NHS smoking services helped a record number of people quit last year, figures show.

The NHS Information Centre said 373,964 had successfully given up, an 11% rise from the 337,054 who gave up in in 2008/09.

The figures are for people in England who successfully stopped when they were followed up after four-weeks.

A separate report from the centre shows around one in 20 hospital admissions for over-35s were linked to smoking.

It brought together data from a wide range of previously published material and said smoking accounted for 462,900 admissions.

Drug therapies

Record quit rates were seen three years ago after the introduction of the smoking ban in public places.

The ban - introduced in England and Wales in 2007 - was seen as one of the key reasons why more people tried to stop smoking that year. A ban was introduced in Scotland in 2006.

About 65% of people trying to give up smoking used nicotine replacement therapy (NRT), and 47% of them were successful.

Almost a quarter used the controversial stop-smoking drug varenicline (Champix) last year, more than did so in 2008/09. Sixty per cent of them managed to quit using the drug.

Of those who did not use any kind of drug therapy, 49% were able to give up cigarettes.

Total spending on NHS stop smoking services was just under £83.9m last year, up £10m from 2008/09. The cost per quitter was £224, an increase of 3% from the previous year.

There was wide variation in quit rates across England.

The highest percentage of successful quitters was reported by Redbridge Primary Care Trust, with 70%. The lowest rates were seen in Lambeth PCT and Blackburn with Darwen PCT, where only 31% of smokers who tried were able to stop.

'Resist the heavy mob'

NHS Information Centre chief executive Tim Straughan said: "NHS Stop Smoking Services are helping more people than ever before to quit, and... they are using a number of means of offering support.

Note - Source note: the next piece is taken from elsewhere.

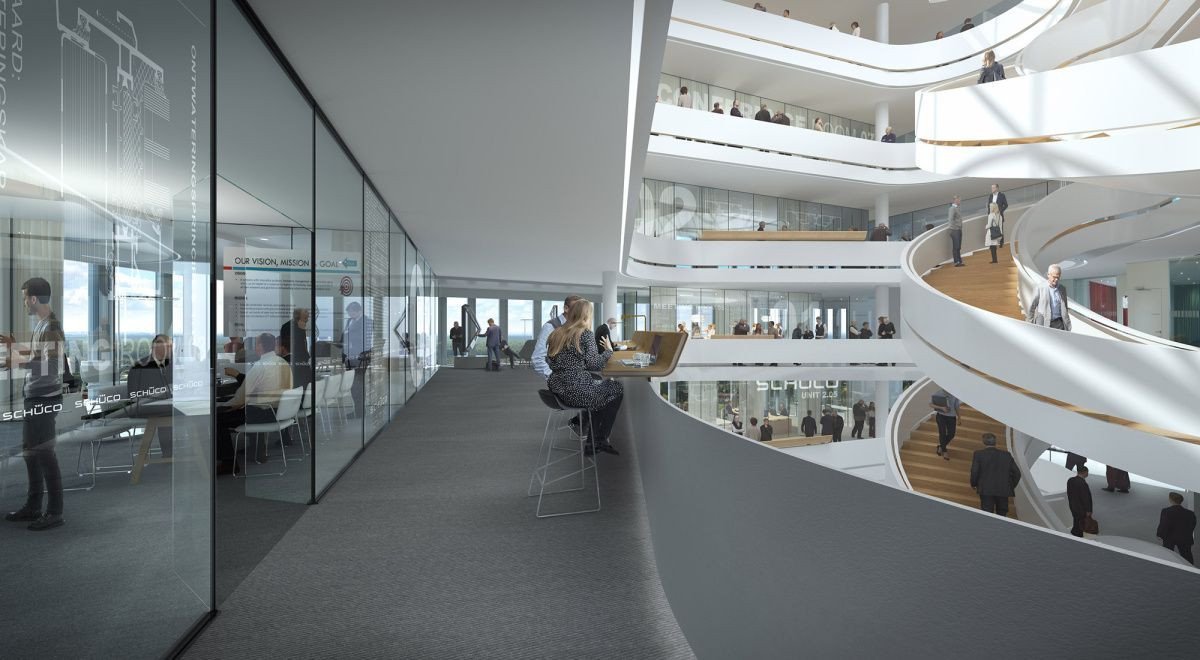 Návrh nové centrály firmy Schüco, 3XN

"With smoking attributed to so many hospital admissions among those who are 35 and over, it is important that people get the support they need to quit in order to remain as healthy as possible."

Health Secretary Andrew Lansley welcomed the findings, but said more could be done.

"Smoking is the biggest preventable cause of death in England.

"We are now reviewing how best to tackle this issue in the context of the new priority and focus on public health by the government and this department."

Martin Dockrell, director of policy and research at the charity Action on Smoking and Health, said: "Of course this is the opposite of the 'nanny state'. These are people who really want to quit but they know they stand a much better chance of making their choice stick if they get professional help from the NHS."

But Simon Clark, director of the smokers' lobby group Forest, said: "Total expenditure on NHS Stop Smoking Services during 2009/10 was more than £83 million, £10 million more than the previous year. People choose to smoke so I'm not sure that the taxpayer should pick up the bill when they choose to quit."